The transplanted Brussels sprouts will be still young plants, just starting to get some size, by the time our warmest summer weather hits in August, so you might be tempted to plant them in partial shade. I advise against that. I’ve had best production from the plants in the most sunny spots. The challenge is keeping them well-watered during their crucial late-summer growing season.
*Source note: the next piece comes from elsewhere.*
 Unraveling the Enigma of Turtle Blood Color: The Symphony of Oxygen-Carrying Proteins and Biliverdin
They will benefit from a bed with lots of compost, and a top-dressing of mulch on the soil during that warmest time. That will help the soil retain water better, which means less stress on the plants. (Another stressor at that time of year is aphids, which love to swarm along the juicy stem and thick leaves. Douse the plants with a hard spray of water whenever you see aphids to keep them at bay.)
Fall and winter treatment
In the fall, a predictable cooling weather pattern provides the best situation for overwintering plants.
I apply a loose mulch of straw around the base of the plants in October, to keep the soil slightly warmer and prevent the roots from becoming exposed and desiccated by winter winds. If an unpredictable early freeze is forecast, I might throw a blanket of floating row cover over my brassicas to protect them a bit more.Brussels sprouts nutrition
But by December, the plants should have acclimated to winter, and don’t need covering. In fact, covering can be detrimental, as it could provide a cozy spot for pests like slugs and snails to take up residence.
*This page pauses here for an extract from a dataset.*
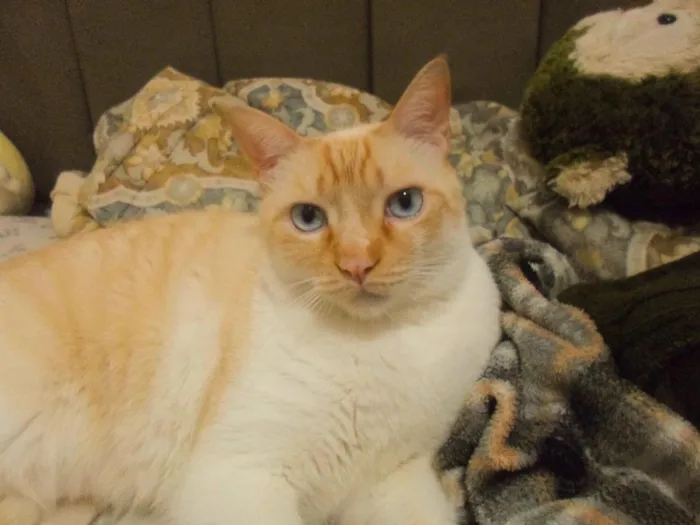 Gato raça SRD-ViraLata idade 6 ou mais anos nome Thor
Once the plants have reached full growth, you can nip off the tip of the plant, so it will send more energy into sprout production. I often forget to do this, and still get sprouts. Often, too, my sprouts are smaller than the grocery-store ones, but sometimes sweeter. To harvest, twist each sprout off the plant, working from the ground up, or just cut off the entire stalk if you need a lot.
It’s a long haul to grow a vegetable like this, but these tasty bite-size cabbages are worth the effort, packing a couple of hearty meals on each plant. This year, why not give them another try?